Harris led Democrat Dan McCready by about 900 votes after Election Day. But state elections officials are looking into absentee ballot results in the 9th District race, particularly in Bladen and Robeson counties, where a Harris campaign operative allegedly sent people door to door to collect mail-in ballots.

"We want to cooperate. We want to help with the investigation any way we can," Harris told reporters while declining to say what was discussed during the nearly-two-hour meeting.

The Harris campaign has been under subpoena from the elections board since Dec. 1, and attorney David Freedman said they still are compiling an estimated 140,000 documents that investigators have requested.

"We will be here as many times as they ask us to come down," Freedman said. "We will provide anything and will be open about everything with Dr. Harris and his campaign."

Harris, a Charlotte pastor, has said repeatedly that he did no wrong, but he has acknowledged bringing McCrae Dowless on board to run absentee operations in Bladen County. Affidavits and interviews point to Dowless as the center of a ballot-harvesting operation in the 9th District last year, as well as in various races in past elections.

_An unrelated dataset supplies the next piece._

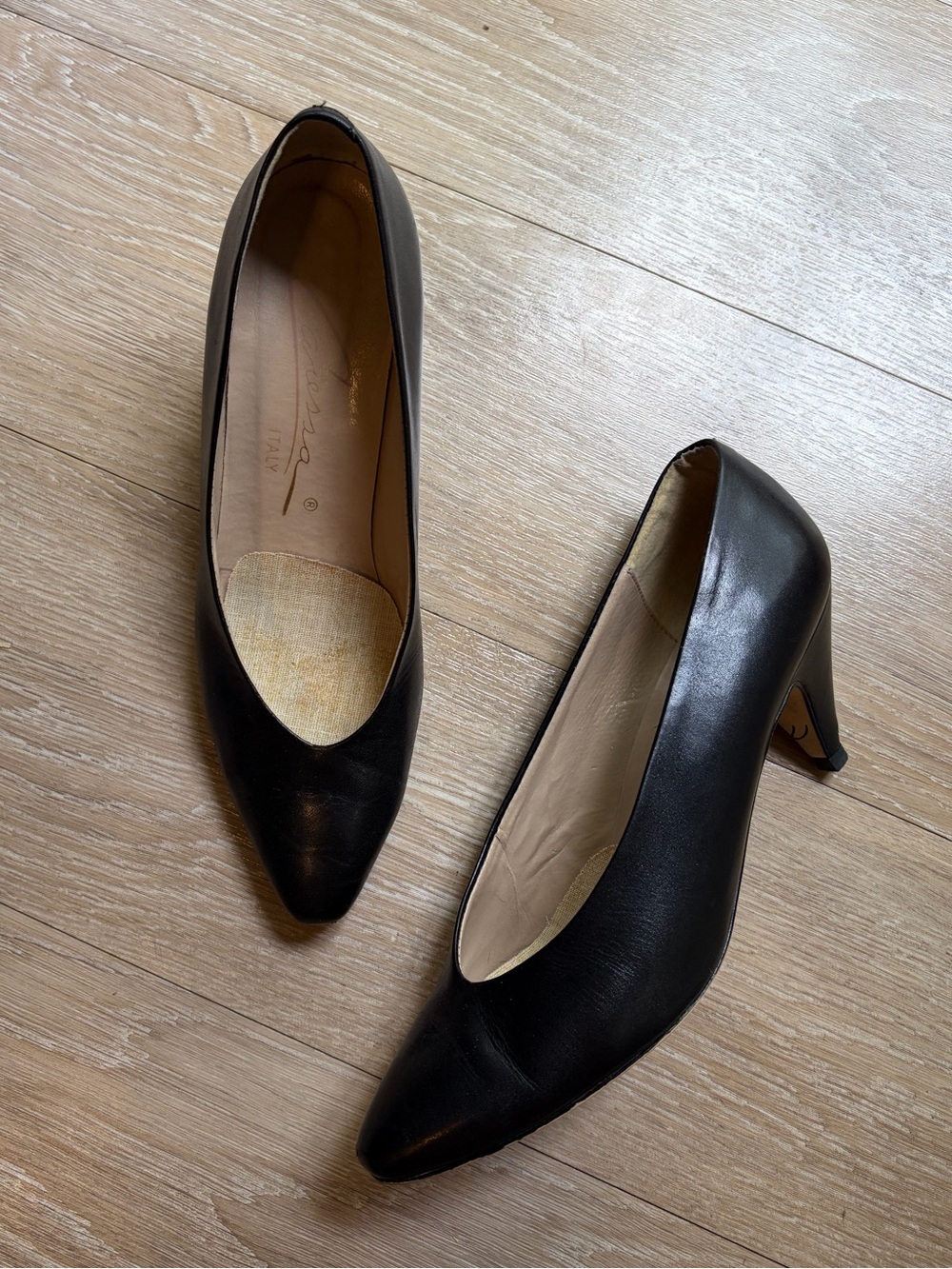 Vintage Caressa Italy Black Women's Pointed-Toe Pumps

Harris said Thursday that it's up to investigators to determine if Dowless broke any laws.

Although elections officials continue to gather evidence in the investigation, there is no elections board in place to conduct a hearing – a hearing set for next week was canceled on Wednesday – or make a final ruling in the case.

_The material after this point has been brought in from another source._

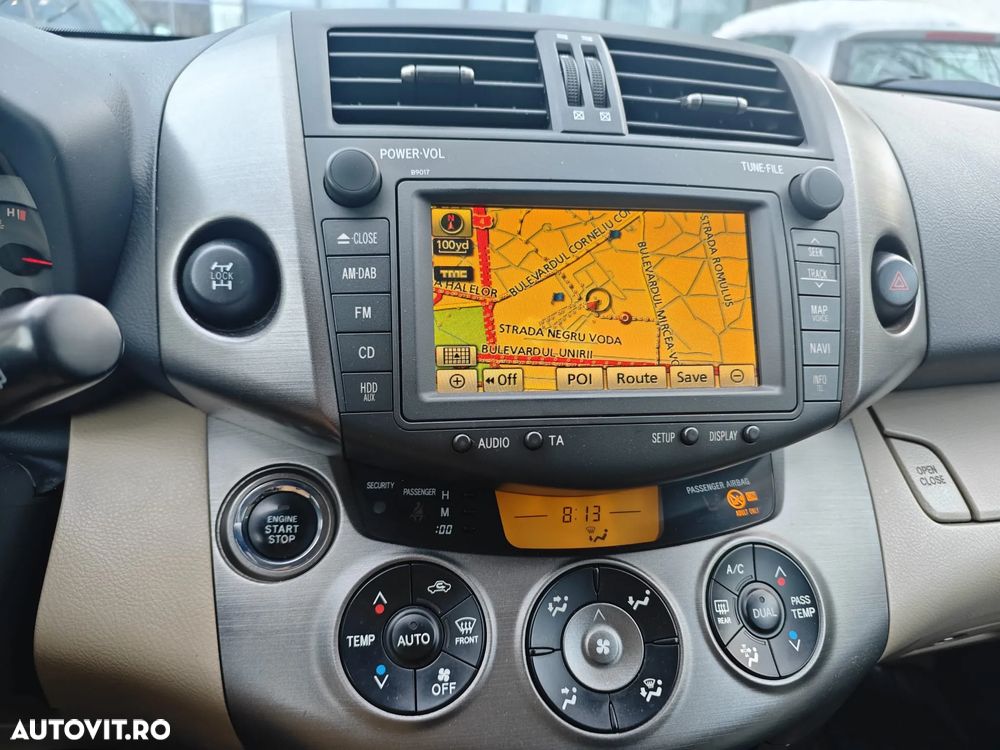 Toyota RAV4 2.2L D-CAT M/T Luxury - 10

Following nearly two years of legal wrangling by Democratic Gov. Roy Cooper and Republican legislative leaders, a court ruled in October that the structure of the elections board was unconstitutional, and the judges ordered the board dissolved as of last Friday. They had held off on finalizing their ruling until after the elections, but they said they couldn't let the board keep going indefinitely, even with the 9th District results in doubt.

A new state law restructuring the elections board to comply with the court ruling doesn't take effect until Jan. 31.

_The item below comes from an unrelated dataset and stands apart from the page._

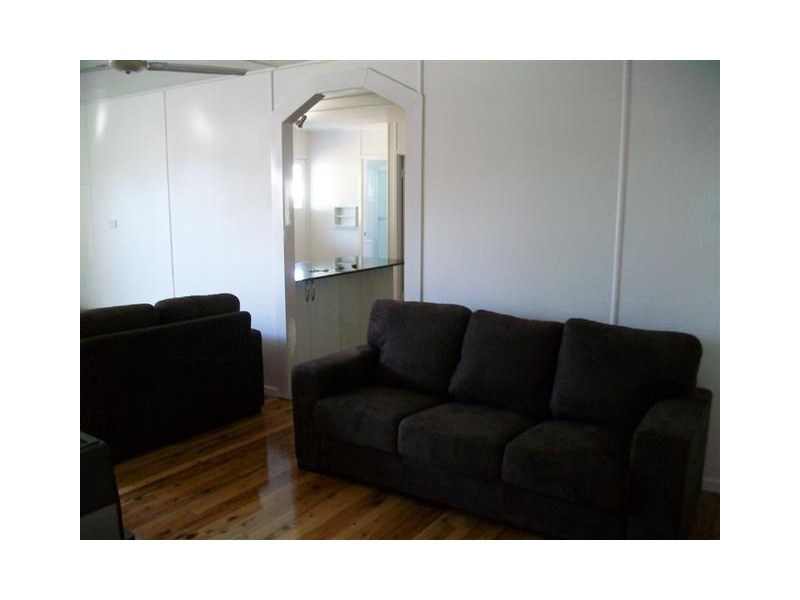 4 Eva Street, Roma QLD 4455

"We kind of found ourselves in no man's land, if you will, and we've asked the court to step in," Harris said.

His lawyers submitted a petition for a writ of mandamus to the court on Thursday. A writ of mandamus is a court order for a government agency to fulfill its duties.

"We didn't file anything with the court until we had nowhere else to go," Freedman said. "There is no board. There is nowhere else to go."

Harris said the investigation shouldn't stop him from being declared the winner in the 9th District.

"In think, in every election, there are certain things that come up that are investigated," he said, noting that some actions from the 2016 elections remain under investigation but haven't prevented someone from serving in office.

"We think there should be no reason to doubt the legitimacy of the outcome because, again, there's an investigation that's been going on now for weeks into what may or may not have occurred in the 9th Congressional District," he added.

"Instead of standing here," Freedman said outside the state elections board office in Raleigh, "he should be in [Washington] D.C. being sworn in."

Although a new elections board is expected to be in place by Jan. 31, Freedman said there's no telling how long it could take for the investigation to be wrapped up and the 9th District results certified. So, action needs to be taken to fill the empty congressional seat, he said.

Leaders of the new Democratic majority in the U.S. House have said they won't seat Harris until the allegations of election fraud have been resolved.

"This is something that shouldn't be about political party," Harris said, adding that residents of the 9th District need representation.

Citing the investigation, McCready tweeted that Harris "is not the victim here, the voters are."

Harris was targeted in negative campaign ads in his 2016 campaign for the seat, but he said allegations that he participated in fraud have been harder for him to handle. Still, he said, he expects the investigation to vindicate him.

"I don't have anything that's more valuable to me than my good name," he said. "I intend to stand on my good name."